1.3.1. Nach Art. 42 Abs. 1 StGB schiebt das Gericht den Vollzug einer Geldstrafe in der Regel auf, wenn eine unbedingte Strafe nicht notwendig erscheint, um den Täter von der Begehung weiterer Verbrechen oder Vergehen abzuhalten. Es kann eine Geldstrafe nur teilweise aufschieben, wenn dies notwendig ist, um dem Verschulden des Täters genügend Rechnung zu tragen (Art. 43 Abs. 1 StGB).  
 
Der vollumfängliche Aufschub des Strafvollzugs ist bei Geldstrafen gemäss Art. 42 StGB die Regel. Der teilbedingte Vollzug nach Art. 43 StGB bildet dazu die Ausnahme. Ergeben sich - insbesondere aufgrund früherer Verurteilungen - ganz erhebliche Bedenken an der Legalbewährung des Täters, die bei einer Gesamtwürdigung aller Umstände eine eigentliche Schlechtprognose noch nicht zu begründen vermögen, muss der Vollzug jedenfalls eines Teils der Strafe auf Bewährung ausgesetzt werden. Auf diesem Wege kann das Gericht im Bereich höchst ungewisser Prognosen dem Dilemma "Alles oder Nichts" entgehen. Art. 43 StGB hat die Bedeutung, dass die Warnwirkung des Teilaufschubes angesichts des gleichzeitig angeordneten Teilvollzuges für die Zukunft eine weitaus bessere Prognose erlaubt. (BGE 134 IV 1 E. 5.5.2). Die Geldstrafe ist nur dann unbedingt auszufällen, wenn eine ungünstige Prognose gestellt werden muss, weil keinerlei Aussicht besteht, der Verurteilte werde sich durch den - ganz oder teilweise - gewährten Strafaufschub beeinflussen lassen (vgl. BGE 134 IV 60 E. 7.5). 

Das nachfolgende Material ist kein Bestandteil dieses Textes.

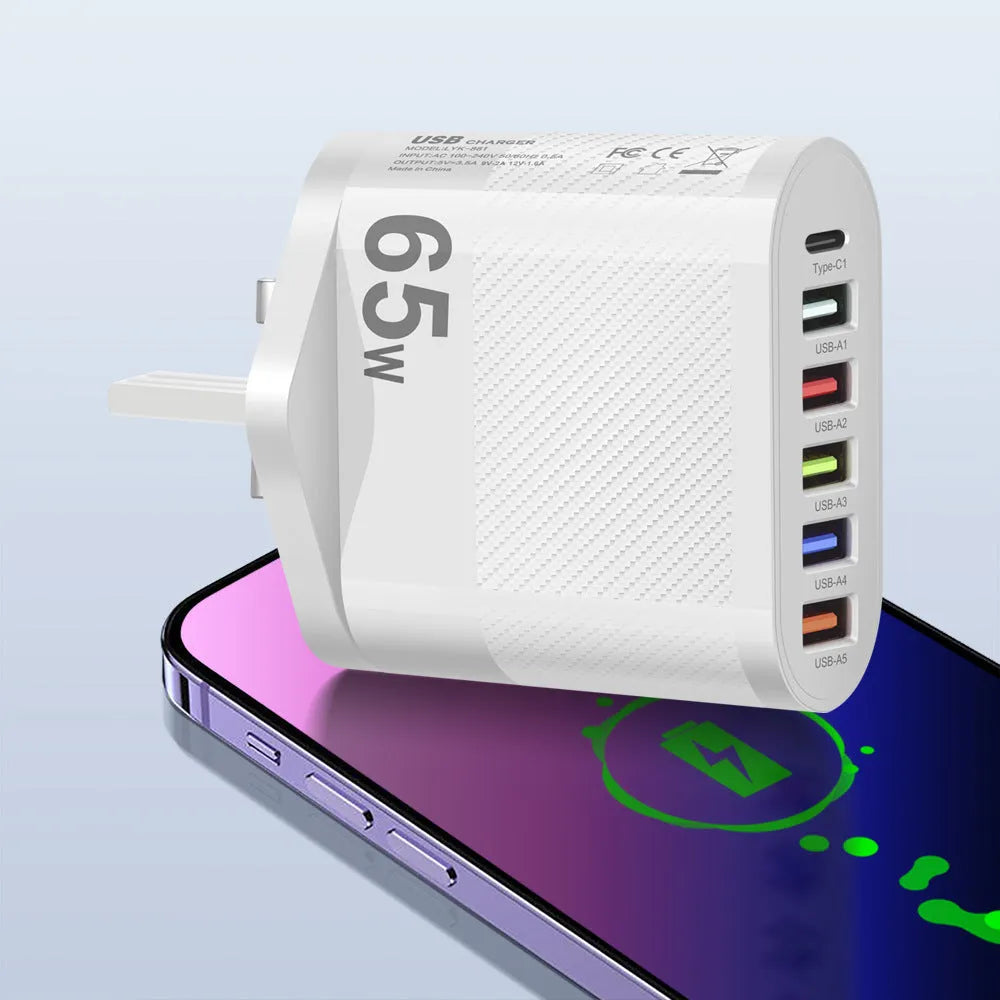White plastic USB charging plug with interchangeable UK, US, and EU power outlets for Type-C phones.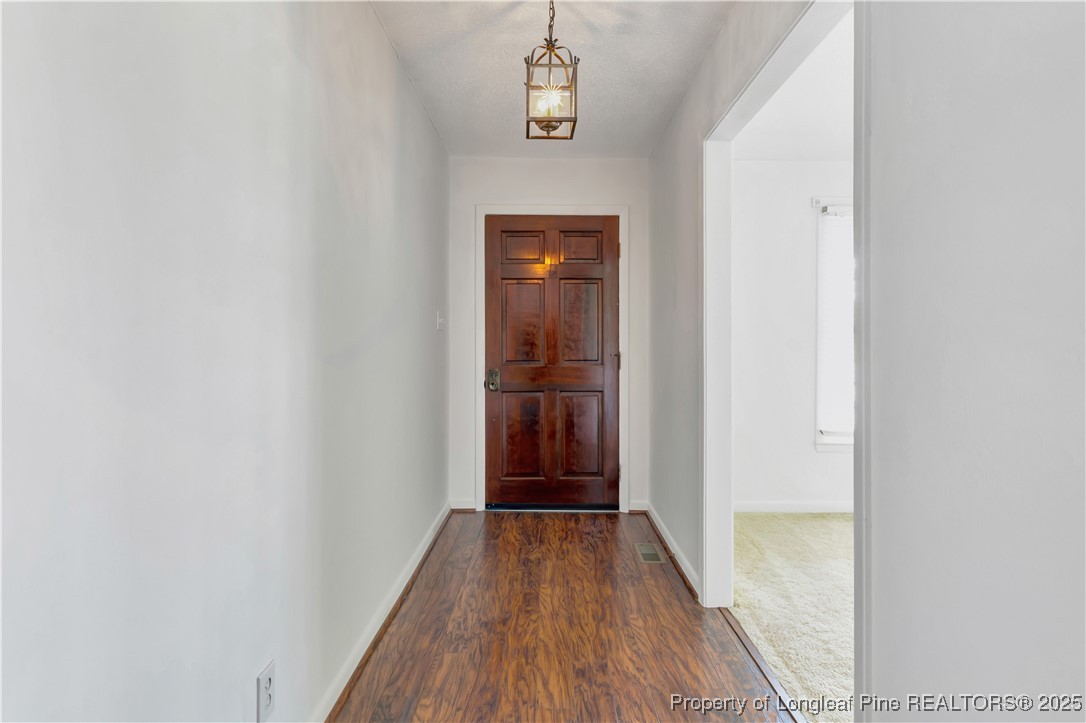 725 Henry Hammond Road Lumberton, NC 28360 - Photo 7 of 42 a view of a hallway with wooden floor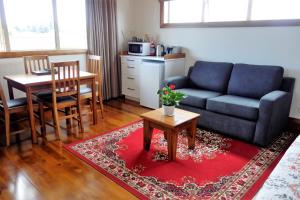 a living room with a couch and a table at Haven on Glenaven B&B in Motueka
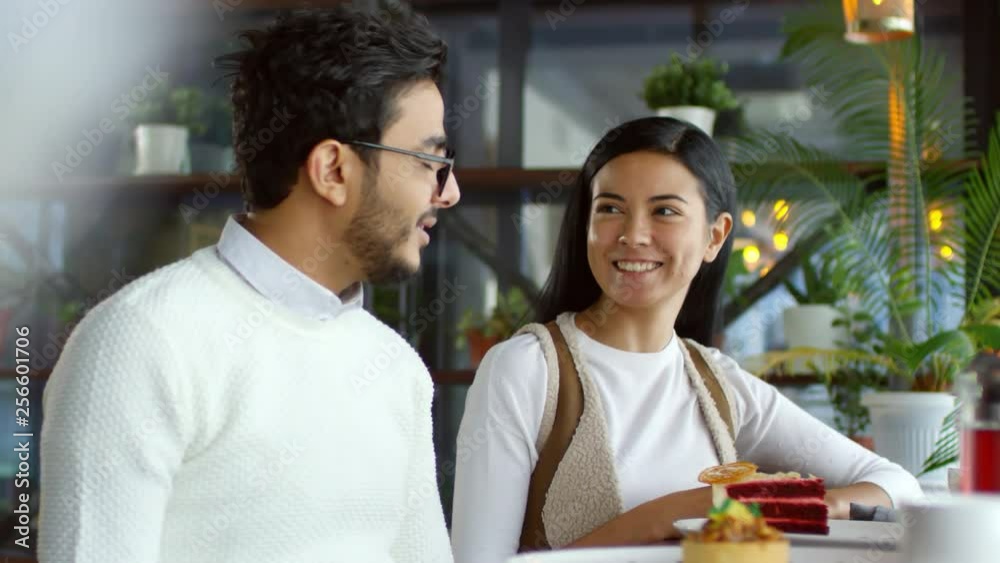 Young beautiful Asian woman and middle eastern man sitting at cafe table with desserts, smiling and speaking Young beautiful Asian woman and middle eastern man sitting at cafe table with desserts, smiling and speaking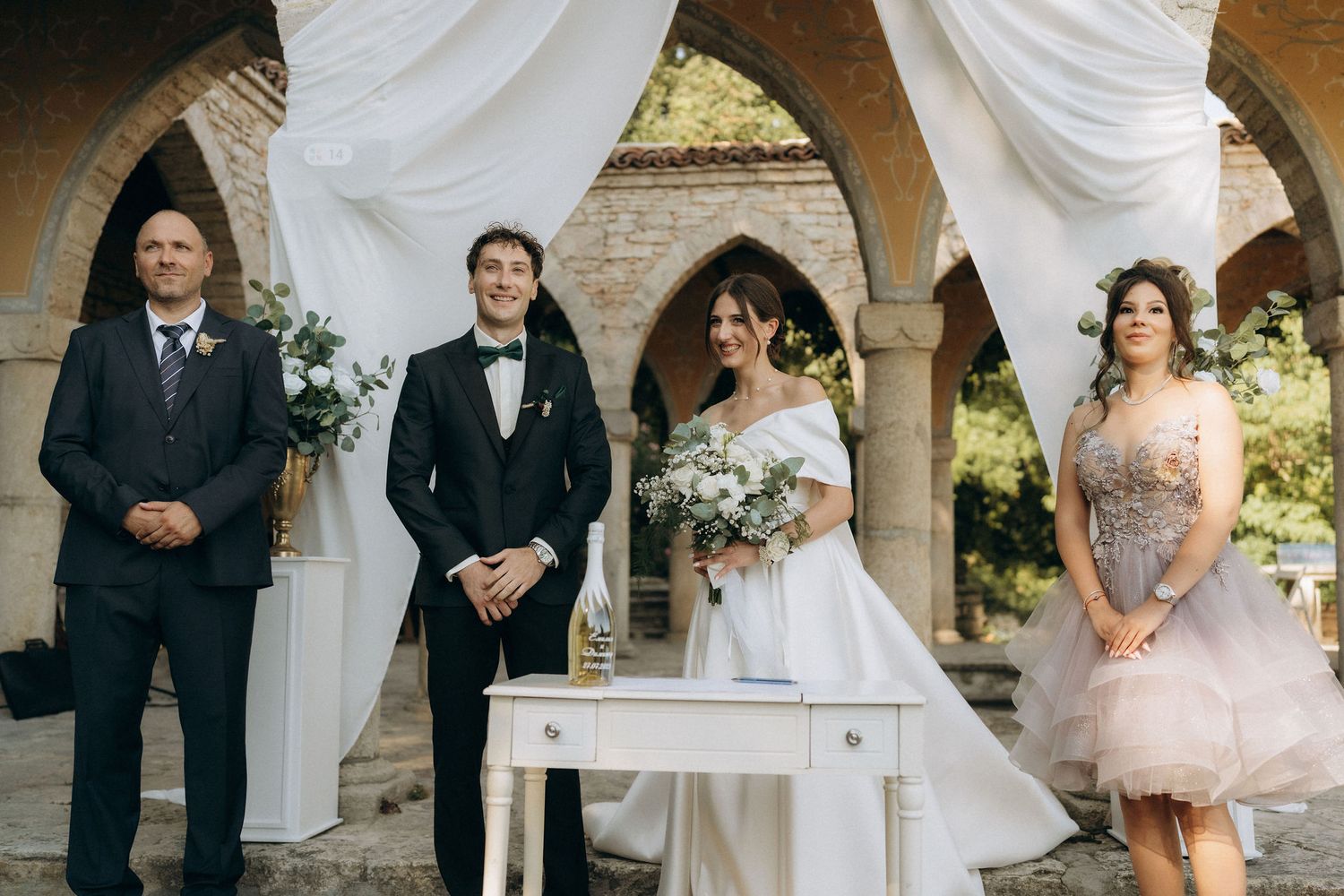 Elegant outdoor wedding ceremony setup with white drapes and stone architecture.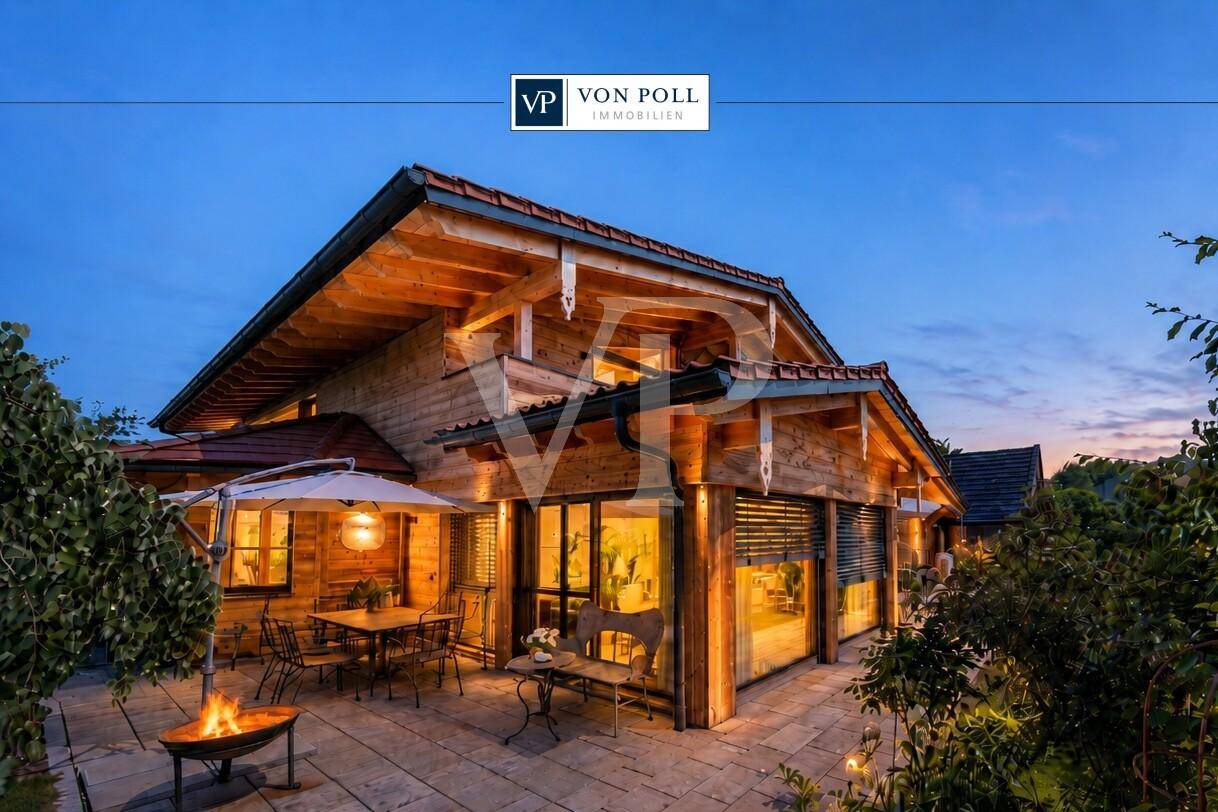 Charmantes Holzhaus im alpinen Stil mit beleuchteter Terrasse und Feuerstelle bei Sonnenuntergang.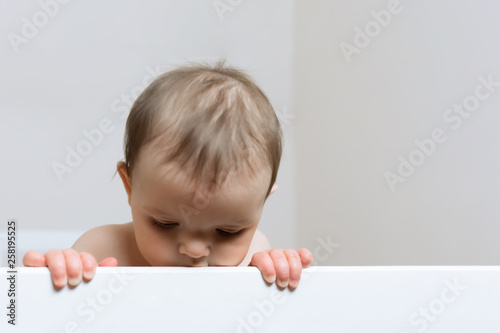 Baby girl thinking about something while standing in her crib.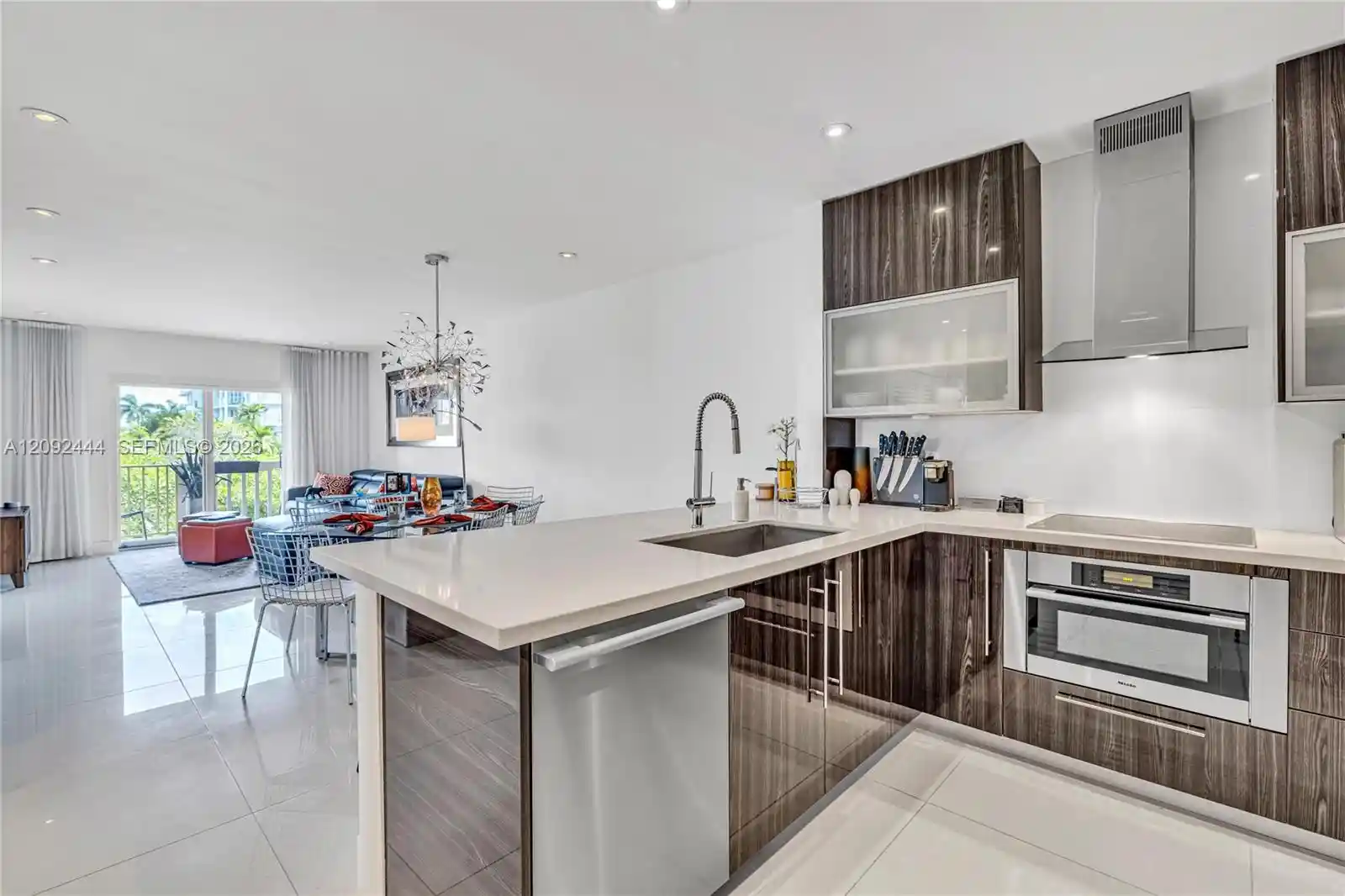Photo 1 of Condo for sale at 1120 99th Street #302, Bay Harbor Islands, FL 33154 | MLS# A12092444 | Listing updated on 2026-10-21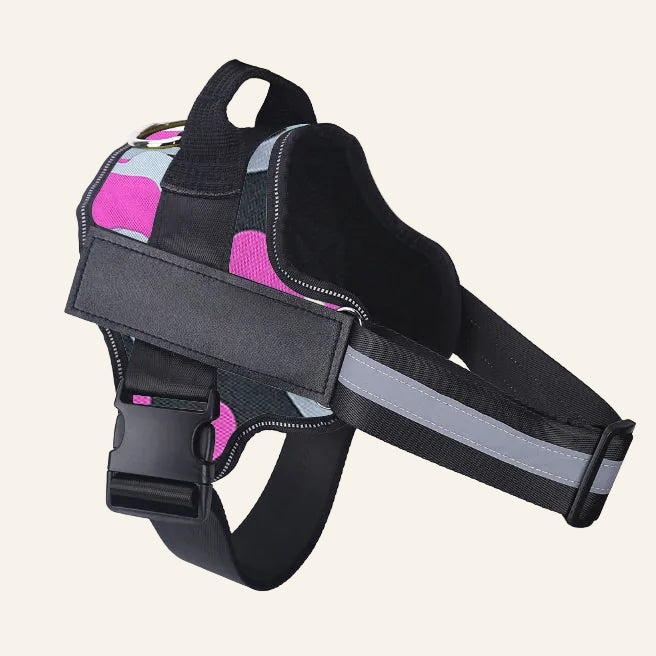 Black dog harness with reflective stripes on a white background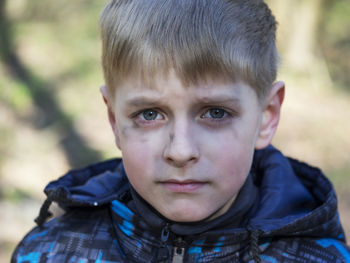 Close-up portrait of serious boy with soot smear on face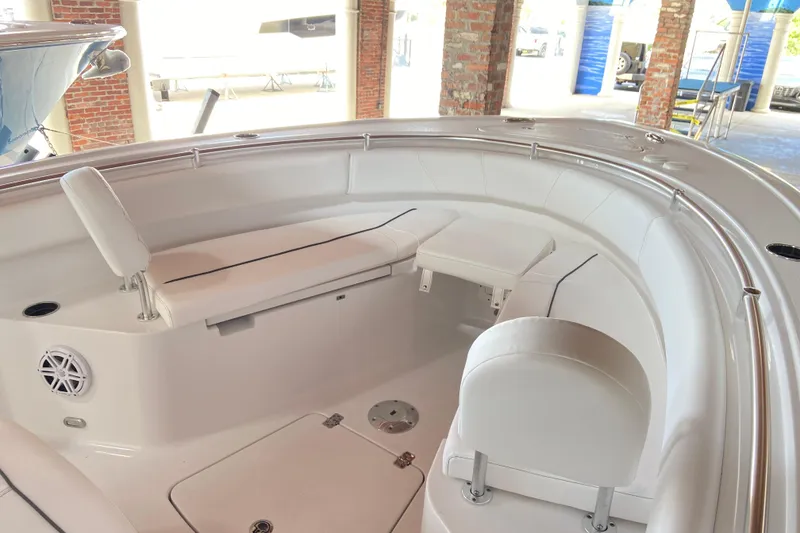 Slide: The Image of 2026 Sportsman Open 232 Center Console boat interior with white seating and table. - 23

Sowohl bei der Gewährung des bedingten Strafvollzugs als auch bei der Festsetzung des aufzuschiebenden und des zu vollziehenden Strafteils gemäss Art. 43 StGB steht dem Sachrichter ein erheblicher Spielraum des Ermessens zu. Das Bundesgericht greift in dieses nur ein, wenn das Sachgericht es über- bzw. unterschreitet oder missbraucht und damit Bundesrecht verletzt (BGE 134 IV 1 E. 5.6; 136 IV 55 E. 5.6; Urteil 6B_251/2012 vom 2. Oktober 2012 E. 5.4). 
 
1.4. Wie bei der Strafzumessung (Art. 50 StGB) müssen die Gründe im Urteil so wiedergegeben werden, dass sich die richtige Anwendung des Bundesrechts überprüfen lässt (BGE 134 IV 1 E. 4.2.1).  
 
2.  
 
2.1. Die Vorinstanz verletzt im Ergebnis kein Bundesrecht, wenn sie der Beschwerdeführerin den bedingten Strafvollzug verwehrt. An der Sache vorbei gehen die Rügen, die Vorinstanz hätte an Stelle der (unbedingten) Geldstrafe der Beschwerdeführerin die Möglichkeit gemeinnütziger Arbeit anbieten oder gar eine unbedingte Freiheitsstrafe, die im Regime des "Electronic Monitoring" vollzogen werden könne, aussprechen müssen. Entgegen der Ansicht der Beschwerdeführerin stellen Geldstrafe und gemeinnützige Arbeit gegenüber der Freiheitsstrafe stets mildere Strafen dar. Die Wahl der Strafe erfolgt allein durch das Gericht aufgrund der konkreten Strafdrohung des Tatbestandes und der Zweckmässigkeit der jeweiligen Sanktionsart. Aus dem Zustimmungserfordernis zur gemeinnützigen Arbeit folgt kein Wahlrecht des Verurteilten bezüglich der strafrechtlichen Sanktion (BGE 134 IV 97 E. 6.3.3.3). Ob eine unbedingte Freiheitsstrafe im geschlossenen Vollzug, in Halbgefangenschaft oder im Regime des "Electronic Monitoring" vollzogen wird, betrifft nicht die vom Gericht verhängte Strafe, sondern ausschliesslich das Vollzugsregime.  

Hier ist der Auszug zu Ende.